Anthropologist Wim Lunsing credits the "bear-type" aesthetic pioneered by Tagame with provoking a major stylistic shift in Shinjuku Ni-chōme, the gay neighborhood of Tokyo. Following the publication of G-men, the "slender and slick" clean-shaven style popular among gay men was replaced with "stubble, beards and moustaches [...] extremely short became the most common hair style and the broad muscular body, soon to evolve to chubby and outright fat, became highly fashionable." Tagame's work in establishing G-men is further credited as providing an incubator for up-and-coming talent in the gay manga genre, and launching the careers of artists such as Jiraiya.
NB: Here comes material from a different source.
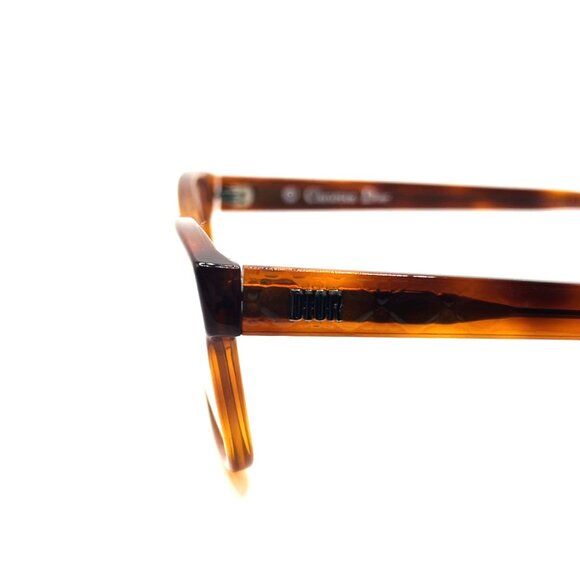NEW CHRISTIAN DIOR LADYDIORO2 SX7 Light Havana Eyeglasses 55mm 15 145 - Picture 6 of 9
His archival efforts in producing Gay Erotic Art in Japan are further credited with developing a "gay art canon" of Japanese erotic art. Among Tagame's critics are gay erotic artist Susumu Hirosegawa, who has described his art as "S&M theater" and criticized his manga as "simple emanations of the SM-shumiō [hobby] of Tagame." Lunsing concurs that "it is hard to counter [Hirosegawa's] argument, as [Tagame's] stories are not very elaborate."

Tagame has won multiple awards for his work, primarily My Brother's Husband. The series was awarded excellence awards at the 19th Japan Media Arts Festival in 2015 and the Japan Cartoonists Association Award in 2018. Internationally, the series won an Eisner Award for Best U.S. Edition of International Material—Asia in 2018. Works by Tagame were exhibited at the British Museum in 2019 as part of The Citi Exhibition: Manga, its exhibition on the history of manga.